Ein Novum bei 12.837 NFL-Spielen gab es in Pittsburgh zu bestaunen. Erstmals in der Geschichte endete eine Partie mit 11:10. Die Steelers bezwangen mit diesem Resultat die San Diego Chargers.

Eine Safety und drei Field Goals führten zu den Punkten der Gastgeber. Die "Bolts" waren durch LaDainian Tomlinsons Touchdown und ein Field Goal von Nate Kadeing mit 7:0 bzw. 10:8 in Führung gegangen.

Für die Gäste aus Kalifornien sorgten vor allem die Witterungsbedingungen für Probleme. Schnee und Windböen ließen die Angriffsmaschinerie der Chargers immer wieder verzweifeln.

"Ich kann nicht sagen, dass uns der Schneefall nicht geholfen hat", gestand Pittsburghs Safety Ryan Clark ein.

Mit einer Bilanz von sieben Erfolgen bei drei Niederlagen (Spielplan) führen die Steelers die AFC North an, San Diego muss nach der sechsten Pleite im zehnten Saisonspiel zittern.

Atlanta Falcons vs. Denver Broncos

Auch weil die Denver Broncos ihr Auswärtsspiel in Atlanta gewannen. Die Truppe aus Colorado besiegte die Falcons mit 24:20 und führt in der AFC West mit zwei Siegen Vorsprung auf die Chargers.
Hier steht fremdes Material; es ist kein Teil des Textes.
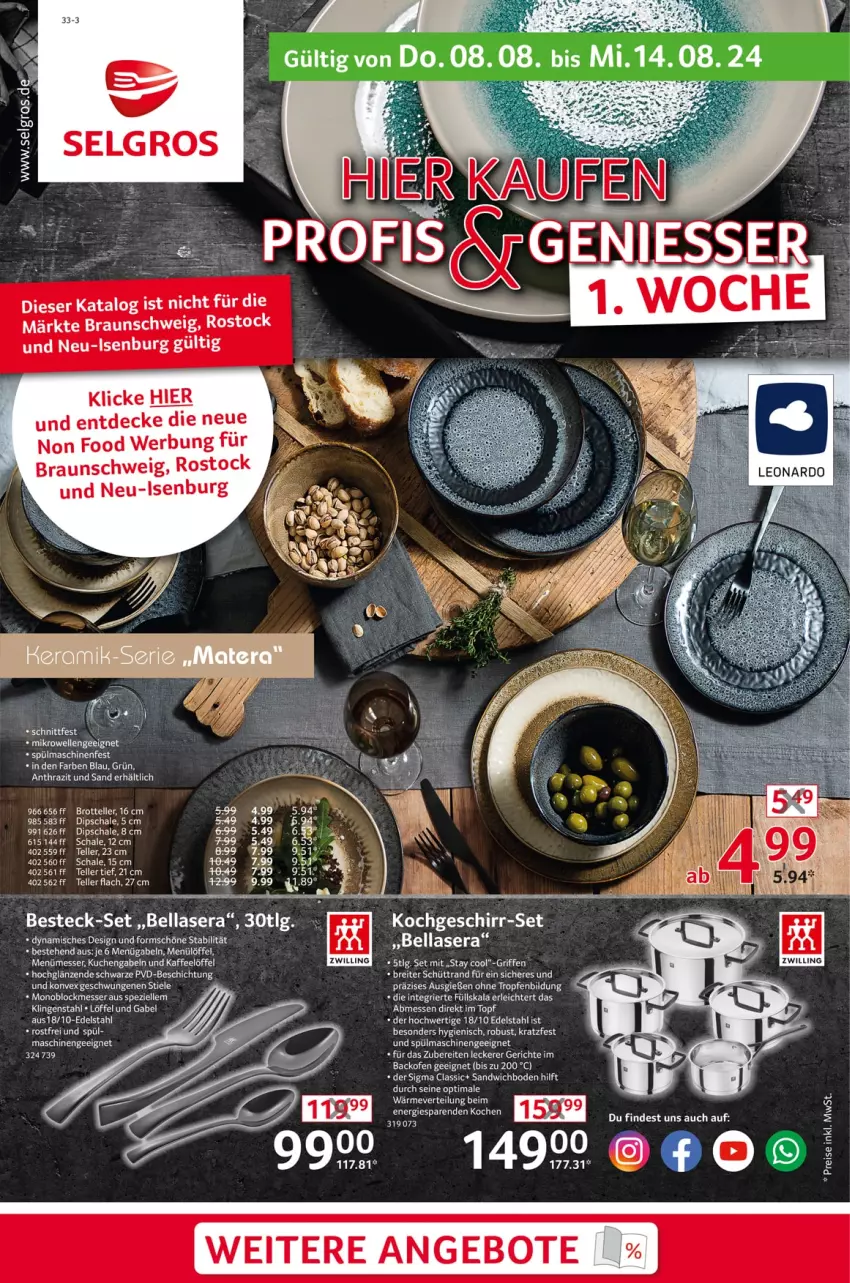 Aktueller Prospekt Selgros - Non Food - von 08.08 bis 14.08.2024 - strona 1 - produkty: angebot, angebote, besteck, besteck-set, braun, Brei, brot, decke, dip, Dipschale, edelstahl, eier, elle, gabel, geschirr, Geschirr-Set, kaffee, kuchen, LG, Löffel, messer, sandwich, Schal, Schale, sigma, Spezi, spülmaschinen, tee, teller, Ti, topf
Allerdings durften sich die Broncos bei Atlantas Wide Receiver Roddy White bedanken, der 76 Sekunden vor Schluss einen 45-Yard-Pass von Quarterback Matt Ryan in der Endzone fallen ließ.

"Die Niederlage geht ganz klar auf meine Kappe", sagte White. "Schließlich werde ich dafür bezahlt, solche Pässe zu fangen."